FromTwirlip of the Mists <twirlip@killfile.me.now.invalid>
Date2013-01-06 21:31 -0500
Message-ID<kcdc1g$ii1$1@news.mixmin.net>
In reply to#21115
On Sun, 06 Jan 2013 21:19:59 -0500, Arne Vajhøj wrote:

> On 1/6/2013 9:08 PM, Twirlip of the Mists wrote:
>> On Sun, 06 Jan 2013 20:58:45 -0500, Arne Vajhøj wrote:
>>> On 1/6/2013 8:46 PM, Twirlip of the Mists wrote:
>>>> On Sun, 06 Jan 2013 20:24:29 -0500, Arne Vajhøj wrote:
>>>>
>>>>> On 1/6/2013 7:22 PM, Twirlip of the Mists wrote:
>>>>>> On Sat, 05 Jan 2013 21:56:37 -0500, Arne Vajhøj wrote:
>>>>>>> On 1/4/2013 1:44 PM, Twirlip of the Mists wrote:
>>>>>>>> The concept of a PID is platform-agnostic -- all Unices seem to have it,
>>>>>>>> MacOS is a Unix nowadays, and newer Windowses have PIDs. It'd be surprising
>>>>>>>> if there isn't a platform-agnostic way to get at PIDs -- a POSIX call that
>>>>>>>> Windows supports, most likely.
>>>>>>>
>>>>>>> *nix and Windows support does not mean platform-agnostic.
>>>>>>
>>>>>> 1. When was the last time you, or anyone you know, bought or saw anyone
>>>>>>       using a computer or other gadget that wasn't either Apple, Windows, or
>>>>>>       some flavor of Unix?
>>>>>
>>>>> Yesterday.
>>>>
>>>> What operating system was it?
>>>
>>> OpenVMS
>>>
>>>>                                   Do you think your experience at all typical
>>>> of the general population?
>>>
>>> No.
>>>
>>> But the fact that some platforms are not widely known does not make
>>> them non-existing.
>>
>> It does make them non-relevant. Planning for them is like planning for
>> waking up tomorrow and finding that everyone else on Earth has mysteriously
>> disappeared, leaving you the last person on the planet. It's not
>> theoretically *impossible*, but it's so unlikely it's not worth considering
>> unless it actually happens or you have specific knowledge to suggest it's
>> imminent.
>  >
>> In this case, if you're designing a program for OpenVMS, consider OpenVMS.
>> If you're designing a program for generic use by the general civilian
>> population, consider Unix derivatives and Windoze.
> 
> You mean consider Windows and MacOS X.
> 
> That is what people in general use.

Linux is used enough, especially on the server side, to cover, too, and
covering all Unixes isn't much harder than covering MacOS X, unless you
want a normal-looking native GUI, and with Java, using the native L&F
suffices for that.

> But there are still a big difference between what has to work on all
> platforms and what happens to work on the most popular platforms.

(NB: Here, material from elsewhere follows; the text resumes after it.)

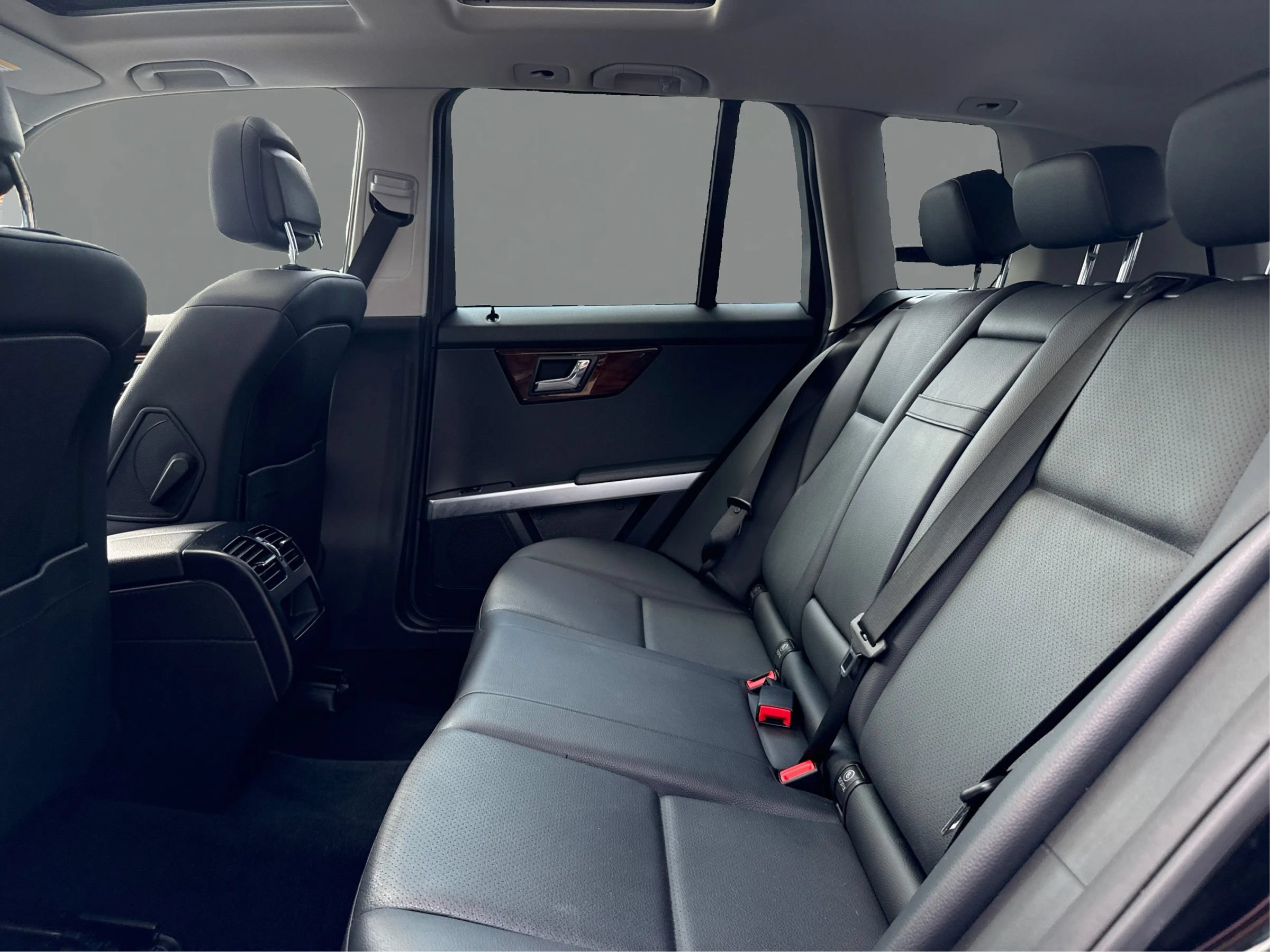Used 2011 Mercedes-Benz GLK 350 4MATIC image 10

If anything genuinely and literally "has to work on all platforms" then
we're all fucked. :)

>> Anyway I find it hard to imagine OpenVMS doesn't have something rather
>> PID-like, and likely there's even a POSIX-compliant get PID call supported
>> just to make porting C programs easier. After all, they'd know that a lot
>> of functionality is being coded for other systems, much of it C code that
>> assumes POSIX and needs little more than that to make it work there too, so
>> there's a big upside and little downside to supporting common POSIX calls
>> when developing an OpenAnything.
> 
> OpenVMS has PID.
> 
> But your claim that everybody uses the most common platforms are
> still untrue.

Which claim was that? MID? I don't remember making such a claim.

-- 
Hexapodia is the key insight.

[toc] | [prev] | [next] | [standalone]


#21119

FromArne Vajhøj <arne@vajhoej.dk>
Date2013-01-06 21:41 -0500
Message-ID<50ea35be$0$282$14726298@news.sunsite.dk>
In reply to#21117
On 1/6/2013 9:31 PM, Twirlip of the Mists wrote:
> On Sun, 06 Jan 2013 21:19:59 -0500, Arne Vajhøj wrote:
>
>> On 1/6/2013 9:08 PM, Twirlip of the Mists wrote:
>>> On Sun, 06 Jan 2013 20:58:45 -0500, Arne Vajhøj wrote:
>>>> On 1/6/2013 8:46 PM, Twirlip of the Mists wrote:
>>>>> On Sun, 06 Jan 2013 20:24:29 -0500, Arne Vajhøj wrote:
>>>>>
>>>>>> On 1/6/2013 7:22 PM, Twirlip of the Mists wrote:
>>>>>>> On Sat, 05 Jan 2013 21:56:37 -0500, Arne Vajhøj wrote:
>>>>>>>> On 1/4/2013 1:44 PM, Twirlip of the Mists wrote:
>>>>>>>>> The concept of a PID is platform-agnostic -- all Unices seem to have it,
>>>>>>>>> MacOS is a Unix nowadays, and newer Windowses have PIDs. It'd be surprising
>>>>>>>>> if there isn't a platform-agnostic way to get at PIDs -- a POSIX call that
>>>>>>>>> Windows supports, most likely.
>>>>>>>>
>>>>>>>> *nix and Windows support does not mean platform-agnostic.
>>>>>>>
>>>>>>> 1. When was the last time you, or anyone you know, bought or saw anyone
>>>>>>>        using a computer or other gadget that wasn't either Apple, Windows, or
>>>>>>>        some flavor of Unix?
>>>>>>
>>>>>> Yesterday.
>>>>>
>>>>> What operating system was it?
>>>>
>>>> OpenVMS
>>>>
>>>>>                                    Do you think your experience at all typical
>>>>> of the general population?
>>>>
>>>> No.
>>>>
>>>> But the fact that some platforms are not widely known does not make
>>>> them non-existing.
>>>
>>> It does make them non-relevant. Planning for them is like planning for
>>> waking up tomorrow and finding that everyone else on Earth has mysteriously
>>> disappeared, leaving you the last person on the planet. It's not
>>> theoretically *impossible*, but it's so unlikely it's not worth considering
>>> unless it actually happens or you have specific knowledge to suggest it's
>>> imminent.
>>   >
>>> In this case, if you're designing a program for OpenVMS, consider OpenVMS.
>>> If you're designing a program for generic use by the general civilian
>>> population, consider Unix derivatives and Windoze.
>>
>> You mean consider Windows and MacOS X.
>>
>> That is what people in general use.
>
> Linux is used enough, especially on the server side, to cover, too, and
> covering all Unixes isn't much harder than covering MacOS X, unless you
> want a normal-looking native GUI, and with Java, using the native L&F
> suffices for that.

You need to decide what you want to talk about.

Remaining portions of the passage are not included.